The Down-Regulation of Treg Expression by CD18–/– to Inhibit Kidney Cancer Pathogenesis

Abstract

Objective: Gene mutation is closely related to the occurrence of renal cell carcinoma. Regulatory T cells play an important role in cancer. Our study aimed to investigate how CD18 affects tumor cells in renal cell carcinoma. Methods: 30 models of mice with renal cell carcinoma were established by gene engineering mouse with CD18 deficient, another 30 normal C57 mice were used as control. Ki67 and microvessel density were detected by immunohistochemistry (IHC) and immunofluorescence respectively to assess whether the model was established successfully. The expression of CD3, CD4 and CD8 were detected in blood and spleen by qRT-PCR. Flow cytometry was used to detect the changes of Treg cells.
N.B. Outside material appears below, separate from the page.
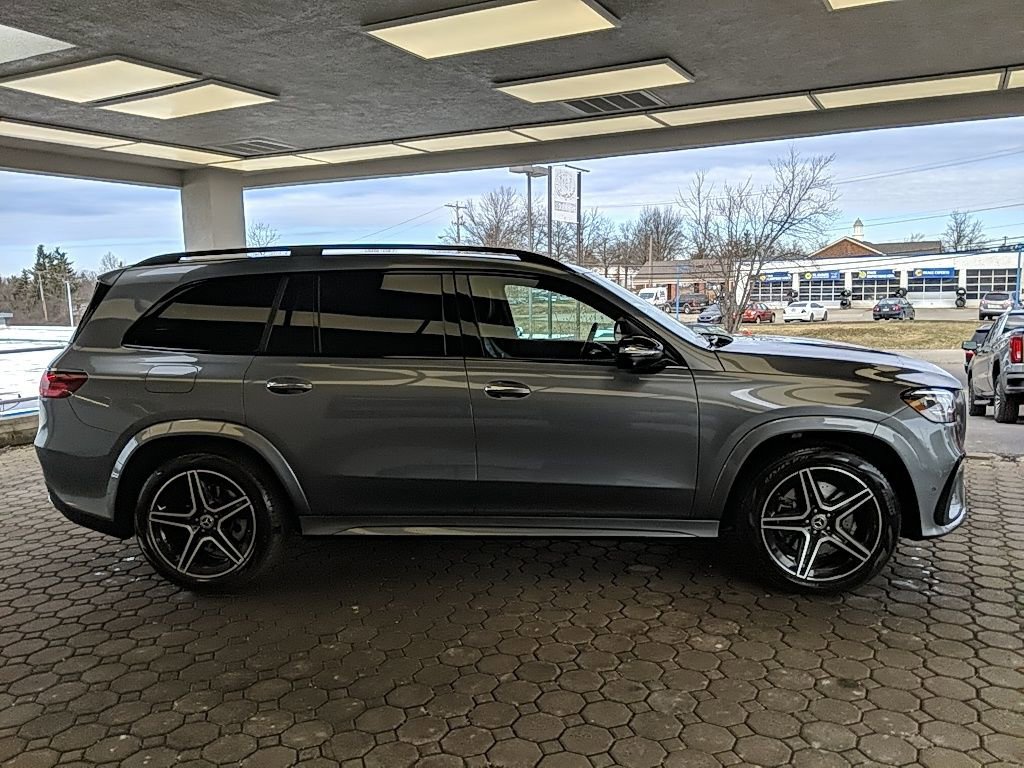 Used 2025 Mercedes-Benz GLS 450 4MATIC image 4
Results: After successful modeling, the expression of Ki67 in C57 was significantly higher than that in experimental group. IHC results showed that CD31 was also down-regulated in CD18–/– mice. In addition, it was found that expression of CD4 was higher in the mesenteric lymph nodes of CD18–/– as non tumor-bearing. However, Treg cells were significantly decreased in CD18–/– mice. Conclusion: CD18–/– downregulates Treg cells and then inhibits the pathogenesis of renal cell carcinoma.